How to disable Microsoft keylogger in Windows 10
According to Microsoft FAQ, to disallow Microsoft, and who knows what other entities, from using “your typing and handwriting info to improve typing and writing services”:
1. Go to Start, then select Settings > Privacy > General.
2. Turn off Send Microsoft info about how I write to help us improve typing and writing in the future.
If this was ever on while you used Windows 10, there’s no way for you to know that Microsoft has deleted your information.
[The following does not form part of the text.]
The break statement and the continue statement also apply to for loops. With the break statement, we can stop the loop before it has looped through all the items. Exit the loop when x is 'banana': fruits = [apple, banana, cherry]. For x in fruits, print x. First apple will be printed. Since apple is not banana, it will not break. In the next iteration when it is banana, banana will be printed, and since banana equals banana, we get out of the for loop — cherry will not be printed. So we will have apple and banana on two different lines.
They promise to disassociate their copy of your keystroke history from your identity, but the info is still out there in their hands and, again, pointedly was not initially anonymized.
More detailed instructions are available here.
Microsoft Windows 10 and Windows 7 still vulnerable to Event Tracing (Windows) ETW keyloggers
Last year, at Ruxcon, the CyberPoint Security Research Team unveiled a Proof of Concept that demonstrated using ETW to keylog USB keyboards. The “good” news is that this technique wouldn’t work on most Windows laptops as their keyboards are usually connected via PS2 instead of USB. However, there is no way to turn off ETW because it is crucial to Windows functionality and this is still an active way that a malicious actor could log your keystrokes.
Keyloggers are a very real privacy and security threat. If you must use Windows 10, make sure to disable the default enabled Microsoft keylogger, but be aware that Microsoft has other holes that make keystroke logging possible still.